Friday, November 16, 2007

Dollars no good for the Taj Mahal

This article from the BBC is more about the falling dollar rate than Egypt.

But it touches on a lot of tourism related problems that India is facing that are similar to those I come across in Egypt. So I thought that this would be an interesting article to post here.

Dollars no good for the Taj Mahal
By Jyotsna Singh
BBC News, Delhi

Taj Mahal
The Taj Mahal is visited by millions of tourists every year
Foreign tourists to many of India's most famous landmarks will no longer be able to pay the entrance fee in dollars, the government says.

The ruling is aimed at safeguarding tourism revenues following the recent falls in the dollar.

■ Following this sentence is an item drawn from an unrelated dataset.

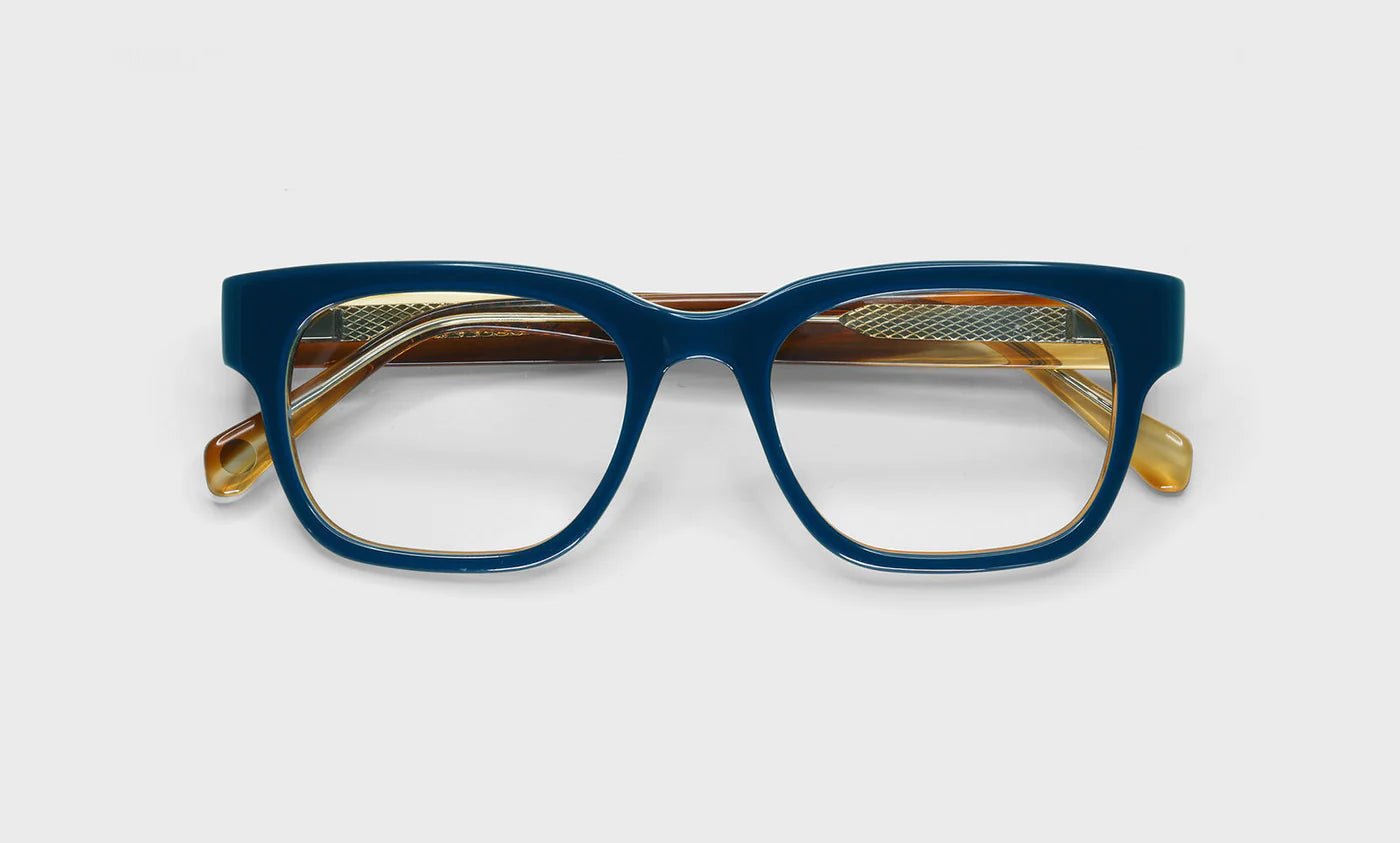 Numero Uno - thegreatputonmvNumero UnoNumero UnoNumero UnoGlassesEyebobsthegreatputonmv3346-59Numero Uno59 LAYERED TEAL FRONT WITH BLONDE HORN TEMPLES1.50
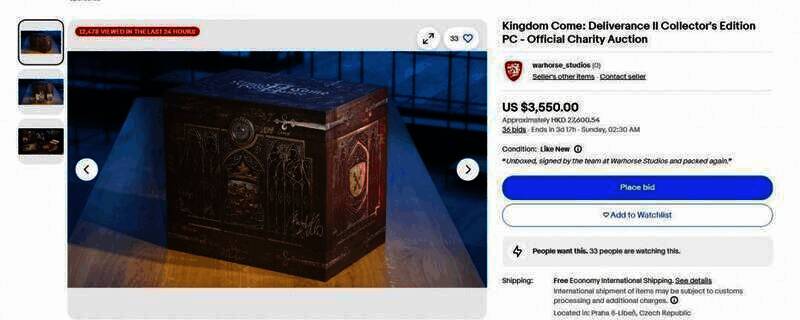 《天国:拯救2》收藏版相关图片2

Until now, foreign tourists to sites such at the Taj Mahal have had the option of paying in dollars or rupees.

The ruling will affect nearly 120 sites of interest run by the Archaeological Survey of India (ASI).

Of these, at least 27 are World Heritage sites, including the Taj Mahal.

'International practices'

The ruling is due to be implemented next week. Entrance fees to the sites in question will be either 250 rupees ($6.35) or 100 rupees ($2.54).

"These rates have been fixed in line with international practices, and in order to take care of the fluctuation in the dollar rates," a spokesman for the Ministry of Tourism told the BBC.

Officials say the ministry wanted to act fast so that the revenues are not hit.

Indians only pay 20 or 10 rupees to enter ASI sites, a difference often questioned by foreign tourists.

But officials say there is nothing wrong with this because most Indians earn far less than the foreign visitors.

"The uniform rate applied by most foreign countries are often too high for most Indians anyway," the tourism ministry official told the BBC .

However, the Indian government has also decided that nationals from the regional South Asian Association for Regional Co-operation will not have to pay the higher rate.

Nor will people holding a government-issued People of Indian Origin (PIO) card.

India earned more than $6.5bn in foreign exchange from more than four million foreign tourists to the country last year.